▶ [YOUR ASSIGNMENT]:
Set down the entries below exactly; drop the pictures.

++++ DATA

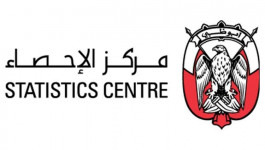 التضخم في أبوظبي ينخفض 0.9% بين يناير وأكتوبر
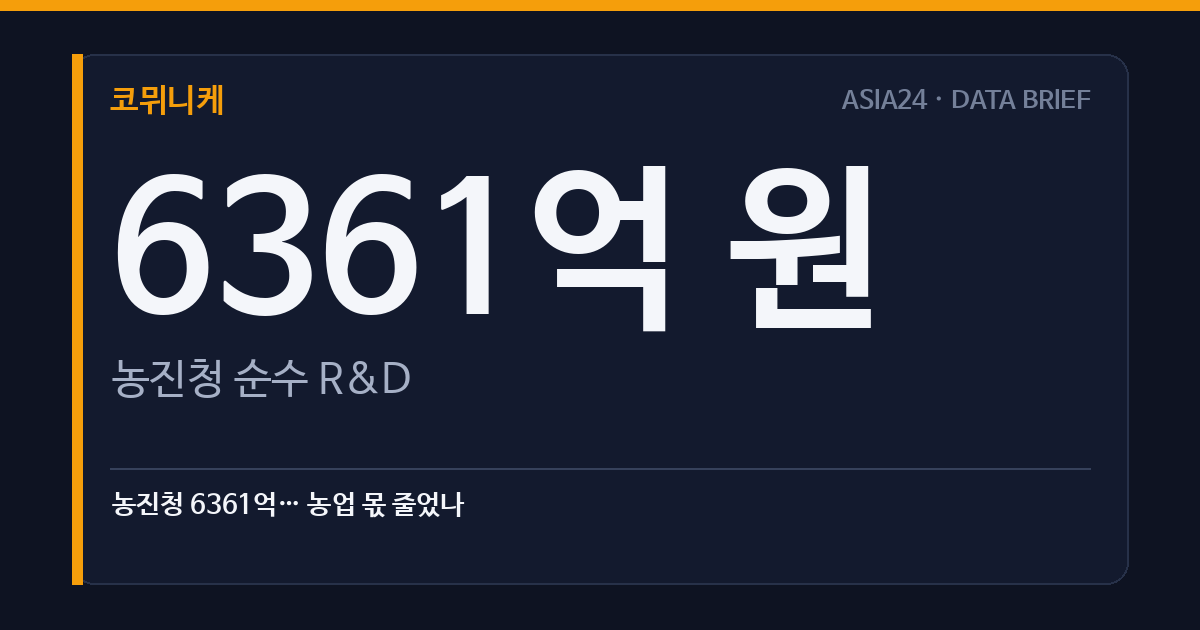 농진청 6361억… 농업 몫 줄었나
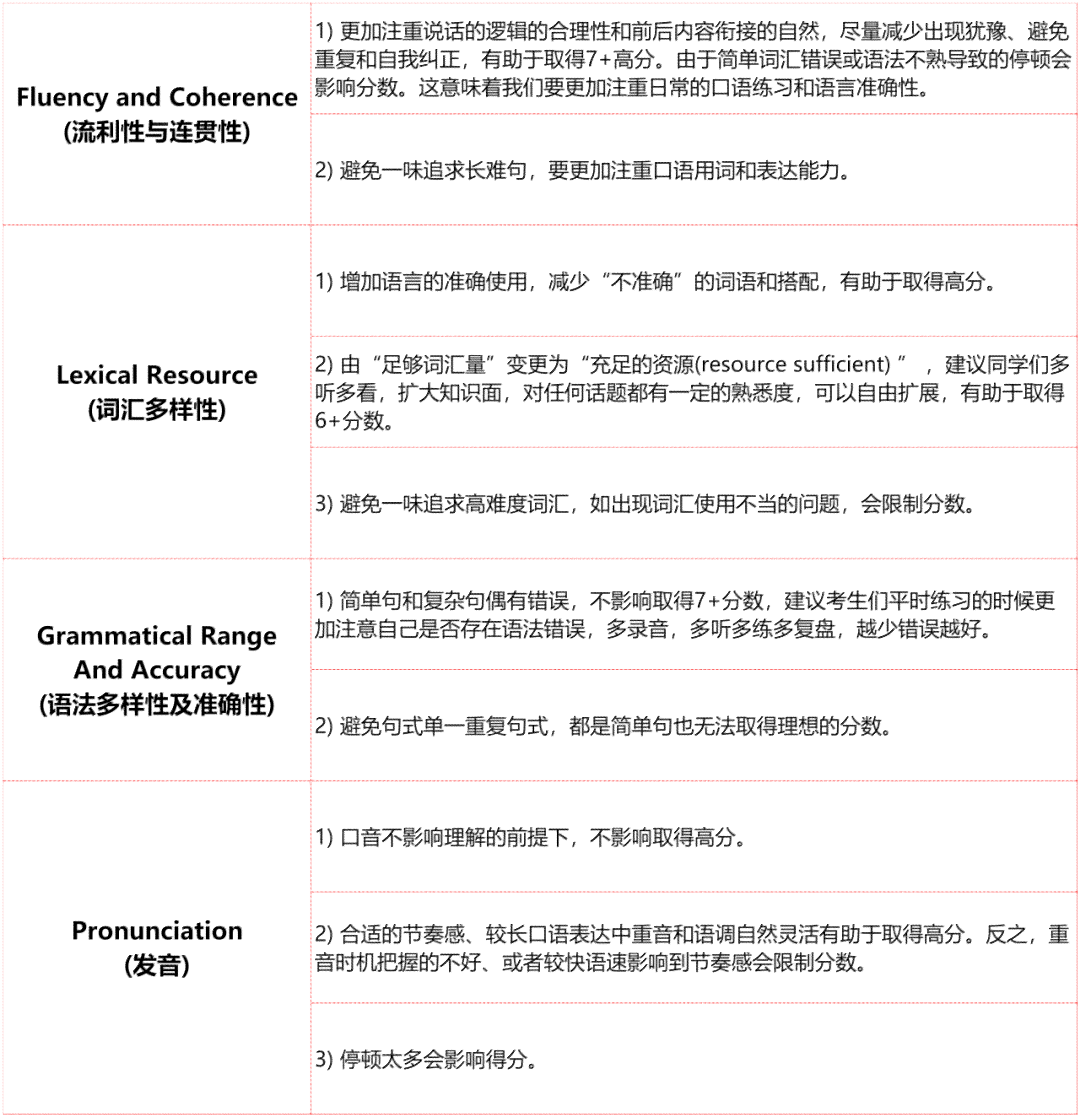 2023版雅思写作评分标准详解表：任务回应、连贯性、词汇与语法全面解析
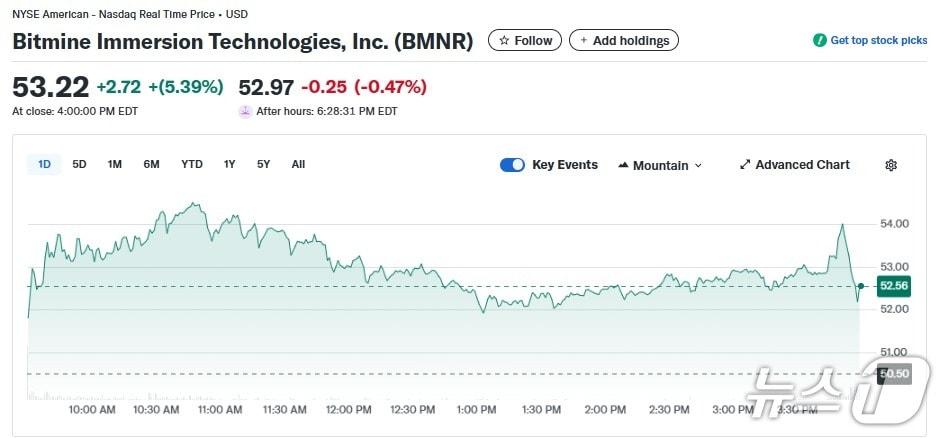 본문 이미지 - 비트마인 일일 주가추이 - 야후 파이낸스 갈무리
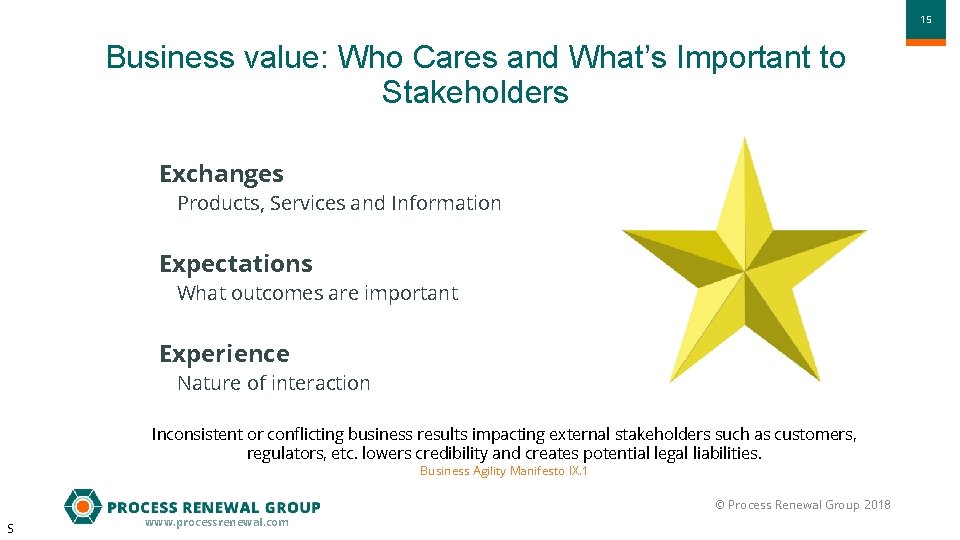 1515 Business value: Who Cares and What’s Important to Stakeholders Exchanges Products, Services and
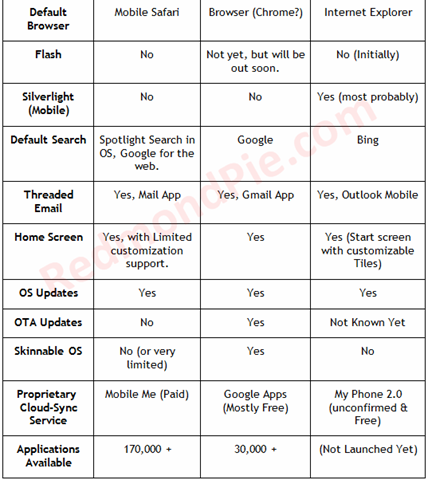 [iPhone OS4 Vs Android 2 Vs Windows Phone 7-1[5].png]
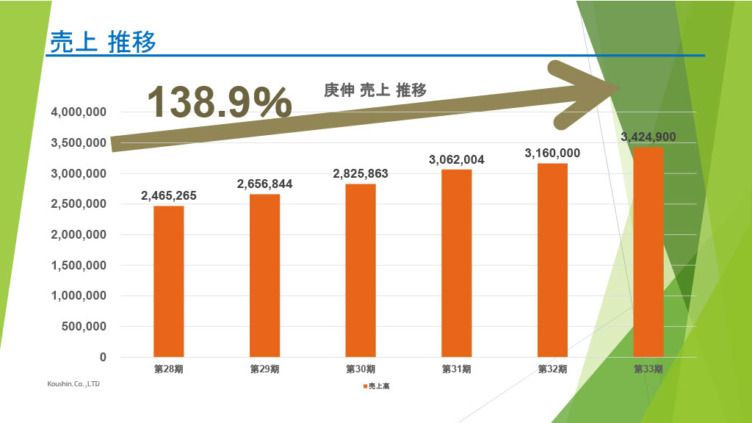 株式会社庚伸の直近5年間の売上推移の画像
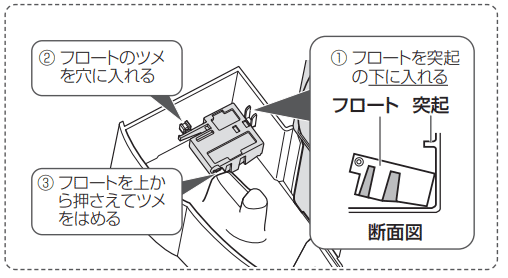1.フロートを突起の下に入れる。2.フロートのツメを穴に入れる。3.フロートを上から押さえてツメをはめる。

++++++++

▶ [EXPECTED ANSWER]:
 التضخم في أبوظبي ينخفض 0.9% بين يناير وأكتوبر
 농진청 6361억… 농업 몫 줄었나
 2023版雅思写作评分标准详解表：任务回应、连贯性、词汇与语法全面解析
 본문 이미지 - 비트마인 일일 주가추이 - 야후 파이낸스 갈무리
 1515 Business value: Who Cares and What’s Important to Stakeholders Exchanges Products, Services and
 [iPhone OS4 Vs Android 2 Vs Windows Phone 7-1[5].png]
 株式会社庚伸の直近5年間の売上推移の画像
1.フロートを突起の下に入れる。2.フロートのツメを穴に入れる。3.フロートを上から押さえてツメをはめる。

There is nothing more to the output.